Given these entries, repeat exactly the lines starting with the one that has "히노아라시 봉제 인형 포켓몬" and going on through the one that has "Irco ILS-RBE 7208 Stangenzuführung – RESALE", both included, but none of the pictures.

__The input__
================

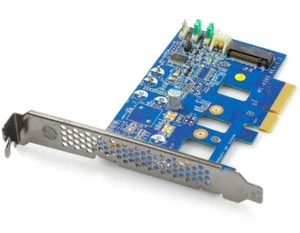 HP MS-4365 SSD PCIe to M.2 Controller Adapter 741625-001 742006-002 - Picture 1 of 1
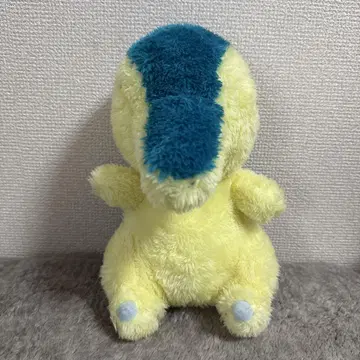 히노아라시 봉제 인형 포켓몬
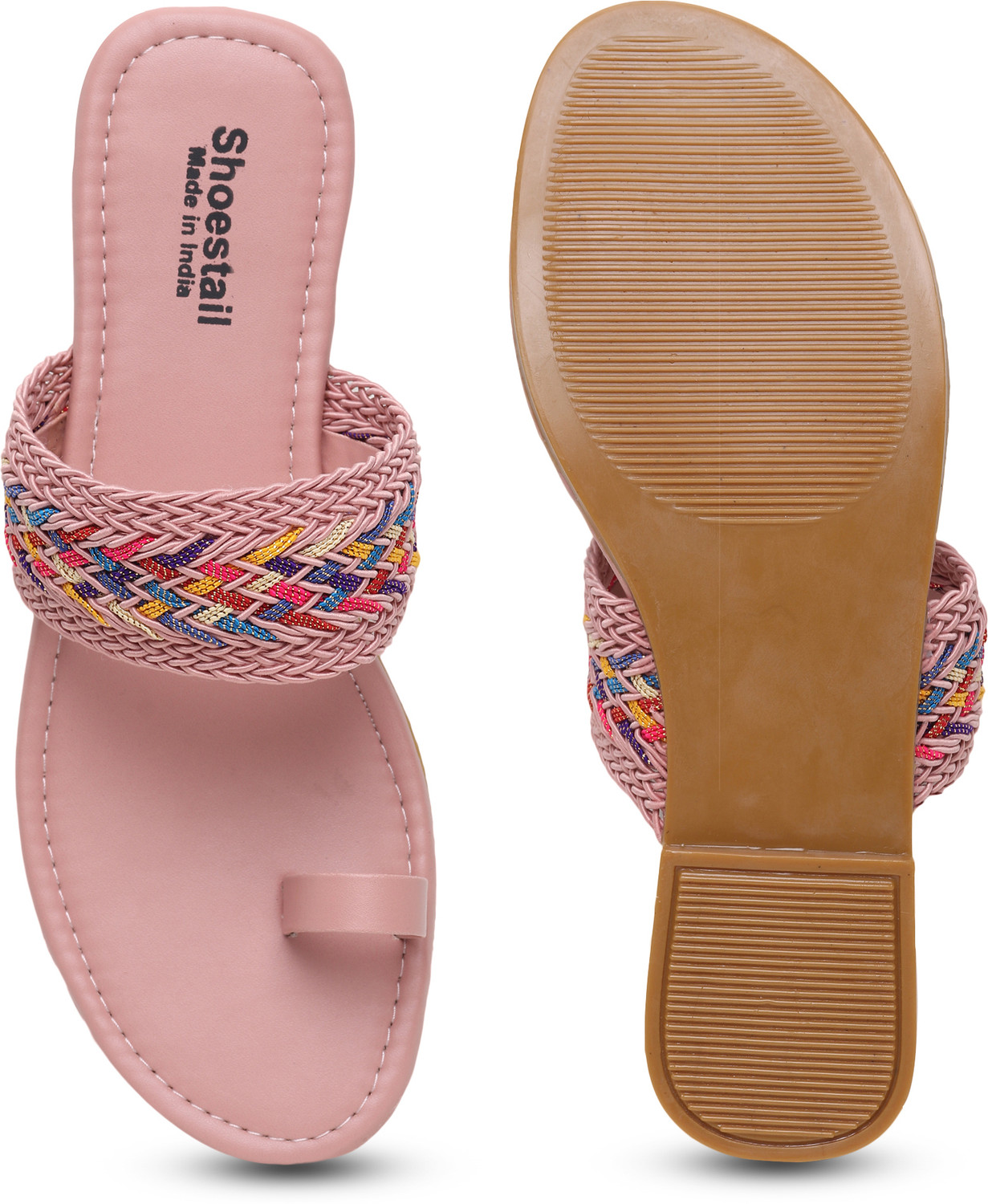 Image of Shoestail Women Flats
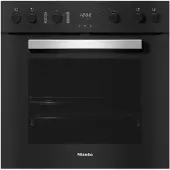 Miele H 2458 EP ACTIVE Herd 12401570, Obsidianschwarz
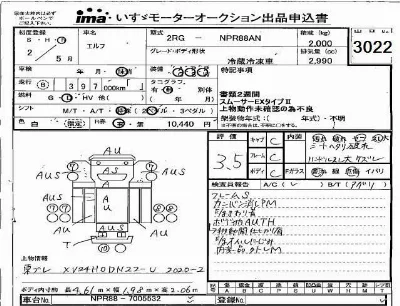 Isuzu ELF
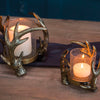 Antler Candleholder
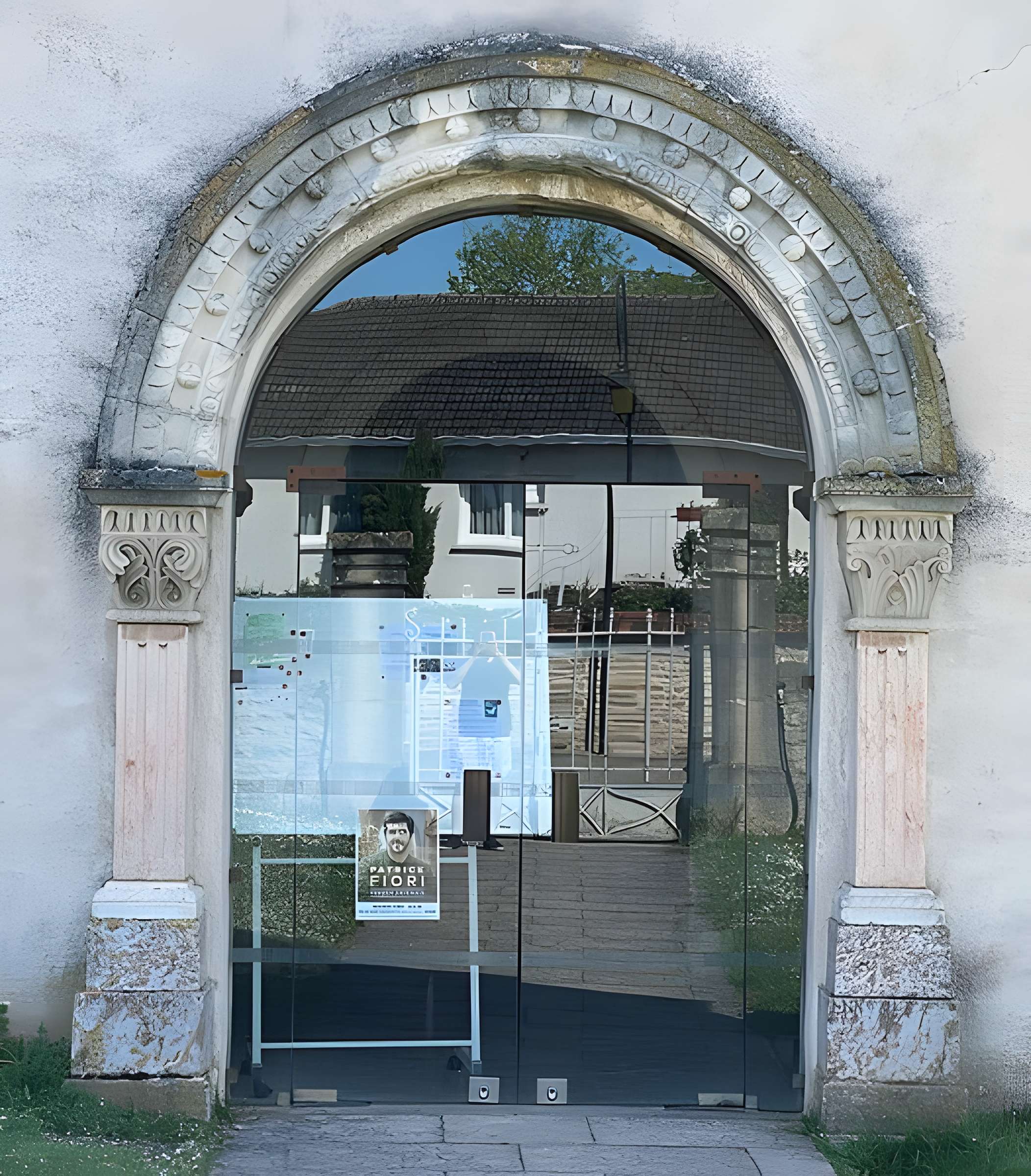 Église Saint-Apollinaire de Saint-Apollinaire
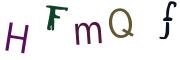 CAPTCHA de imagen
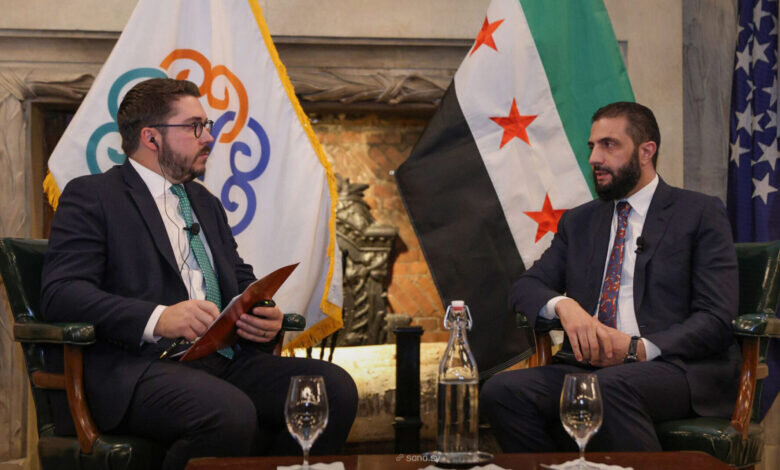 جولانی: از اسرائیل می‌ترسیم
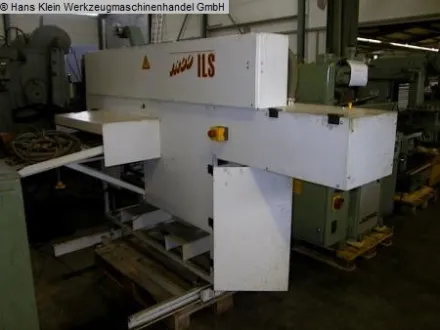 Irco ILS-RBE 7208 Stangenzuführung – RESALE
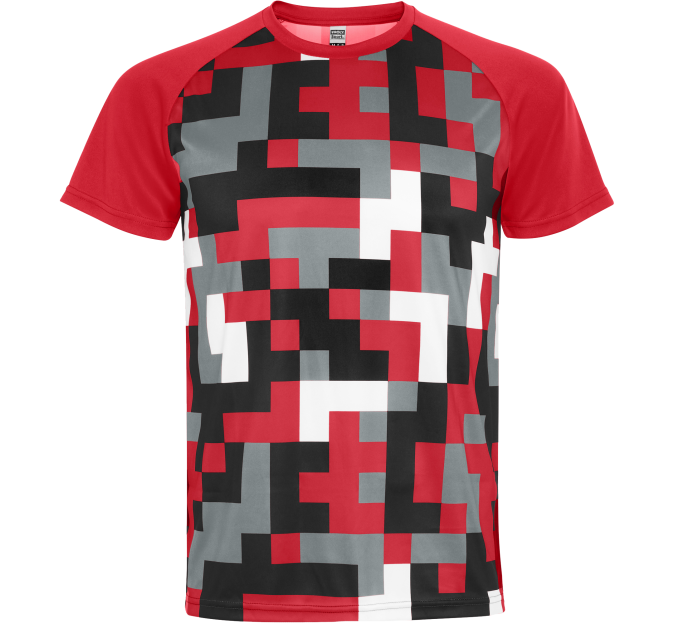 Camiseta técnica tallas grandes VENTOR personalizada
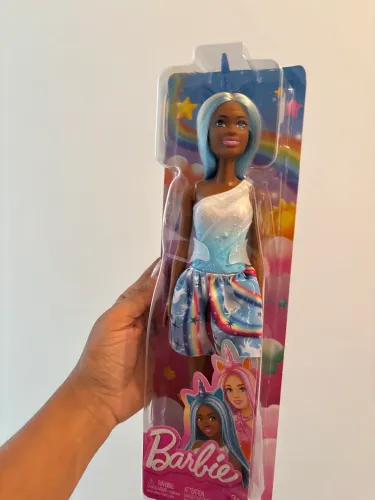 Boneca Barbie original nova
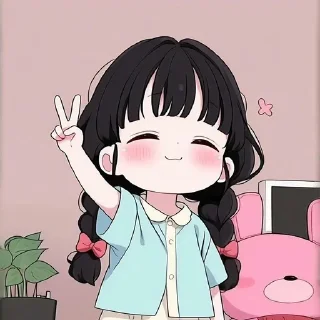 Telegram sticker 🌟 LOLI GOD ✨ :: @fStikBot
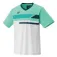 Yonex Team kurzarm-poloshirt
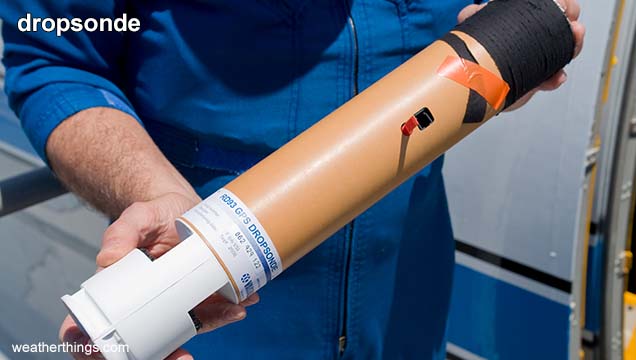 weather instrument tube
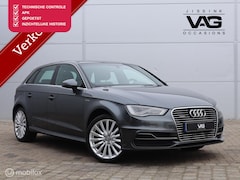 Audi A3 Sportback - 1.4 e-tron S Line Leer LED 18 inch Automaat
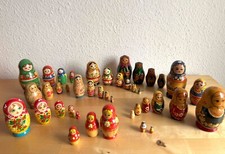Alte matroschka babuschka gebraucht kaufen  Marbach am Neckar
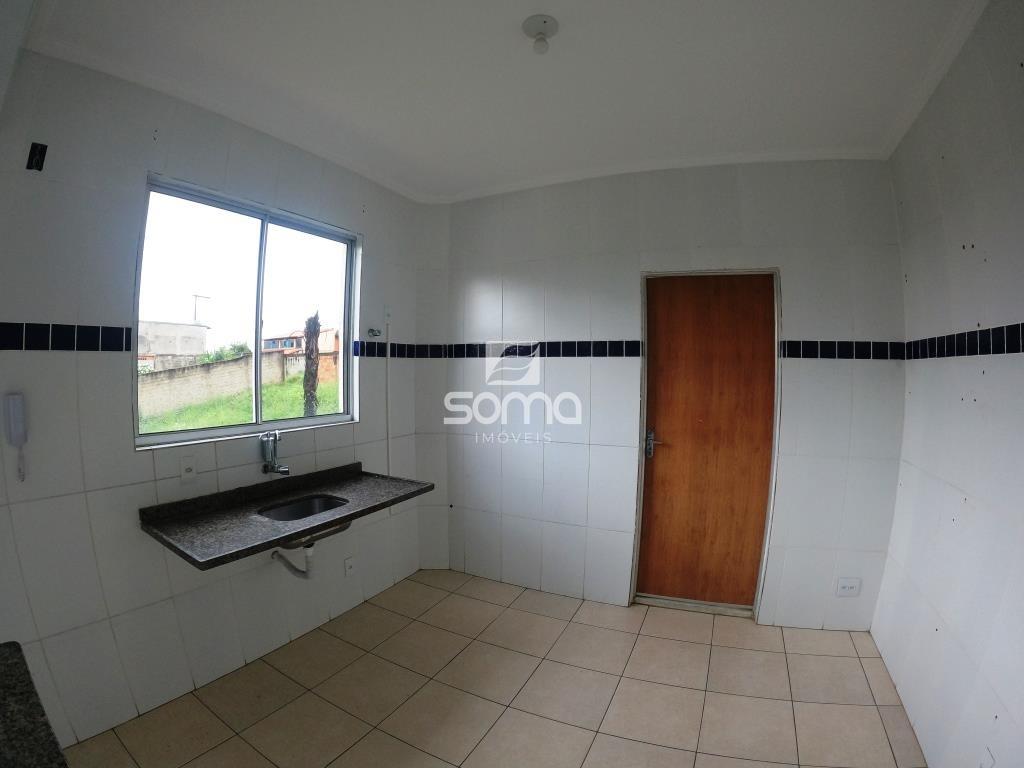 Apartamento à venda no Serra Dourada: 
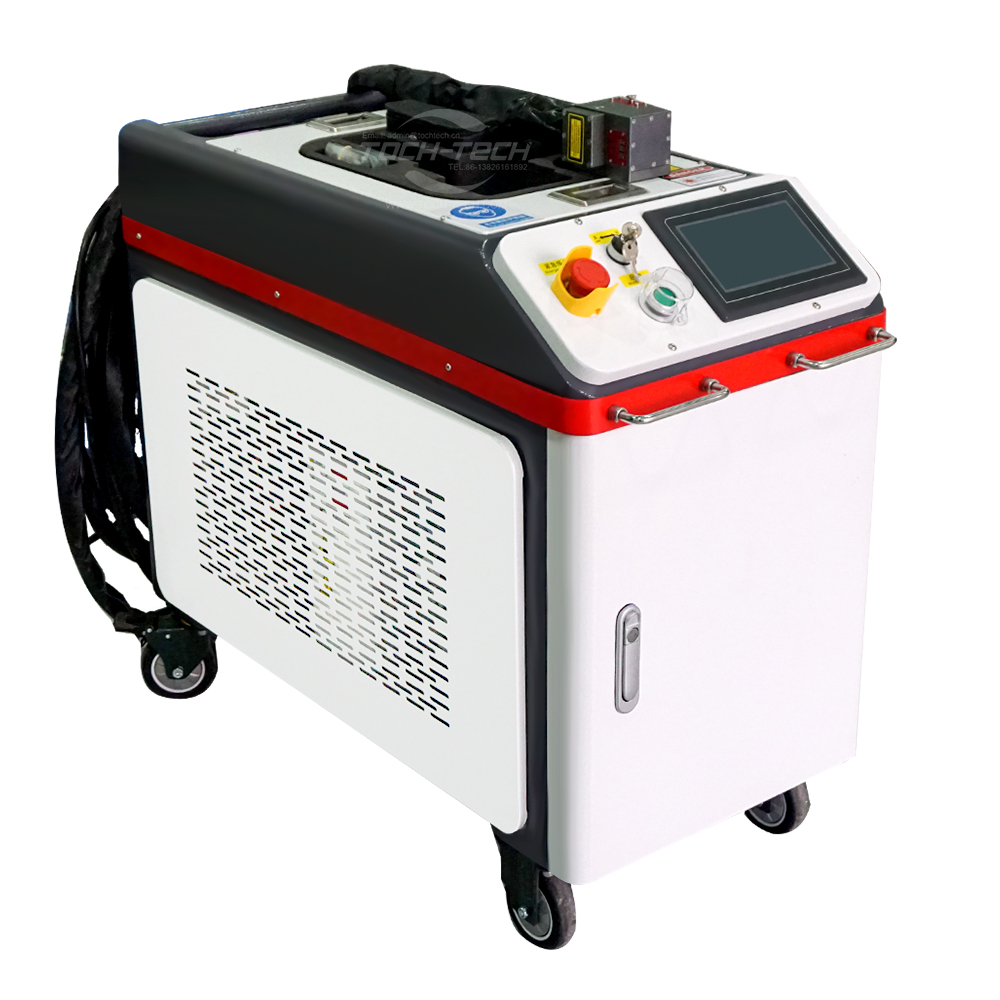 High Quality Industrial 200w 3 - Industrial Laser Cleaner recension och pris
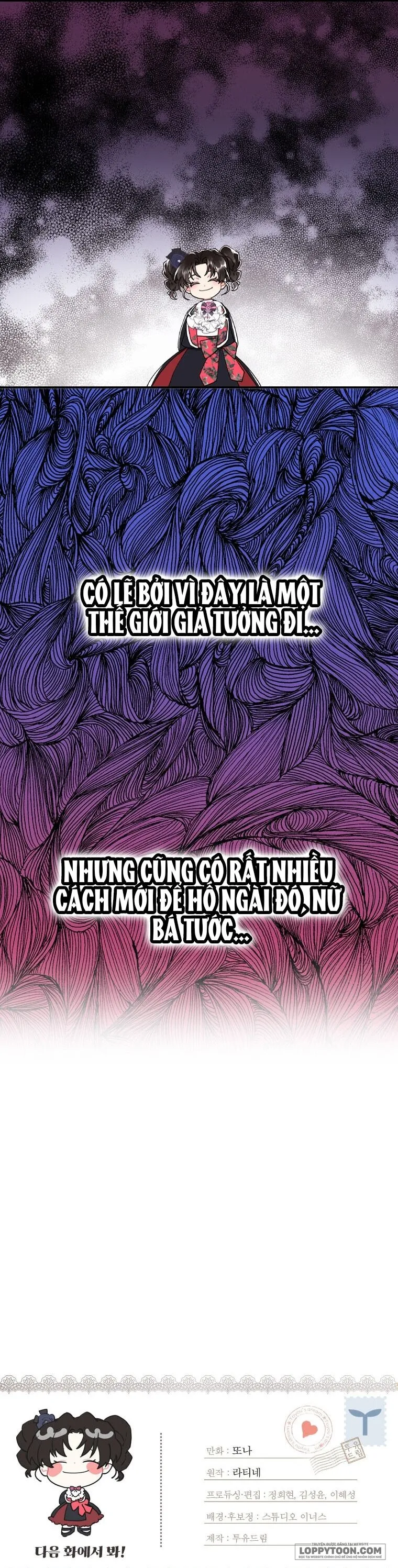 Tôi Đã Trở Thành Con Gái Nuôi Của Nam Chính Chap 19 - trang 39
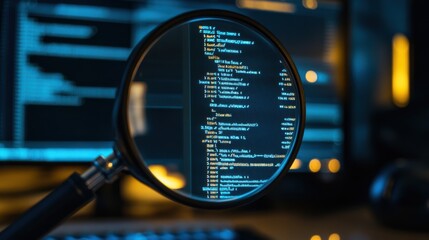 Real-Time Analytics Tools on Screen with Soft Light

================

__Your solution__
 히노아라시 봉제 인형 포켓몬
 Image of Shoestail Women Flats
 Miele H 2458 EP ACTIVE Herd 12401570, Obsidianschwarz
 Isuzu ELF
 Antler Candleholder
 Église Saint-Apollinaire de Saint-Apollinaire
 CAPTCHA de imagen
 جولانی: از اسرائیل می‌ترسیم
 Irco ILS-RBE 7208 Stangenzuführung – RESALE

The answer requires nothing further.